A year has come and gone since I lost one of my best, always honest, most loyal friends Erin Roberts Rolfson. http://erin-roberts-rolfson.blogspot.com/
She passed away from cancer just days after delivering her third child. I have missed my friend terribly and have yet to filled the whole in my heart that was carved out when she was taken from us.
Erin and I met our freshman year of college. We were in the same Dance Aerobic class and lived in the same apartment complex. Our class started at 8:30am. I am sure it will not come as a shock that I had a hard time getting to class seeing that I am neither a morning person or an avid workout fan. Erin would come and pull me out of bed and get me to our class. The next semester I moved with her. Erin made Rexburg, Idaho fun. She introduced me to fun friends, and was always organizing fun activities.
When the time came we both decided to transfer to BYU in Provo. We found a condo together with a few other girls.
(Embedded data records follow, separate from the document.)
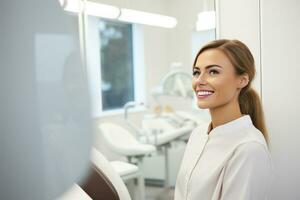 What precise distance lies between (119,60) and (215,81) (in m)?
1.71

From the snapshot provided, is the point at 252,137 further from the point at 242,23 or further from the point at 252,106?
the point at 242,23

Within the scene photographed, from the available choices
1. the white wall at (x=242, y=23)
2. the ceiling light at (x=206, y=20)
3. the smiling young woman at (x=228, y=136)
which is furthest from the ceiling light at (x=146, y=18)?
the smiling young woman at (x=228, y=136)

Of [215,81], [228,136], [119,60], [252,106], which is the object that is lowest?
[228,136]

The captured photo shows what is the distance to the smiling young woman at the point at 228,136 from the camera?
1.05 m

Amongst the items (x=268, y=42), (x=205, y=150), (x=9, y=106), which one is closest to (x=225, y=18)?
(x=268, y=42)

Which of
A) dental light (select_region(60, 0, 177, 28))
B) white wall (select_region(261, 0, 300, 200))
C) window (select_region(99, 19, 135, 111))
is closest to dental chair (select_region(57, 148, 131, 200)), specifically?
dental light (select_region(60, 0, 177, 28))

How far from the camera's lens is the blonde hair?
1160 mm

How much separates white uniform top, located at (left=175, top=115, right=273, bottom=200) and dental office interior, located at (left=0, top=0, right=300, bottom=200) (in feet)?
0.94

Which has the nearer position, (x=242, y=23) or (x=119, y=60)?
(x=242, y=23)

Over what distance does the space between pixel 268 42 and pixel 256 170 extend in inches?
36.8

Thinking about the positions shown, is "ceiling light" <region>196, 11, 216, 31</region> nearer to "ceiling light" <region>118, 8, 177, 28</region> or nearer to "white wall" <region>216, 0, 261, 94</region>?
"white wall" <region>216, 0, 261, 94</region>

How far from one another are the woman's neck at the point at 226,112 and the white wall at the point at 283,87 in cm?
63

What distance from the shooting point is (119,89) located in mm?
2545

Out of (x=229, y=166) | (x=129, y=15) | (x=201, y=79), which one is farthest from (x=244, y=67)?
(x=129, y=15) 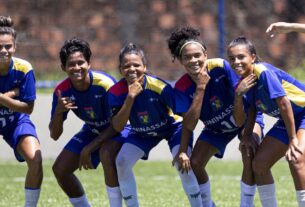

We felt like the outsiders because it seemed that everyone else in the complex had lived there for years already and were already friends. That certainly was not going to stop our "Little Erin!" That girl was a force to be recon'ned with! She organized dinner parties, was at every ward activity (including ward prayer) and pulled me right along with her. The best plan that we hatched was to make homemade ice cream outside. It was amazing how many people ventured out of their condos to come visit with us to guarantee a taste. In no time flat we were IN! She even met and eventually married one of our great friends Boyd that we met right there in Stratford Court.
For four and a half years we were buddies, at times enemies and always sisters. We had classic BYU "room mate dating issues." We shared our clothes. We were each other's loudest cheerleaders. Erin studied social work and ended up getting her Masters and eventually worked for LDS Social Services as a counselor. Erin would listen, I mean really listen and had the gift of helping you see things in a new light or different perspective.
After I graduated from BYU I left for DC to tackle the world. But Erin was still my greatest cheer leader from thousands of miles away. She celebrated my successes with me, and spent hours on the phone with me when I thought my heart could not have been more broken. In the spring of 2002 the Rolfson clan came out to DC.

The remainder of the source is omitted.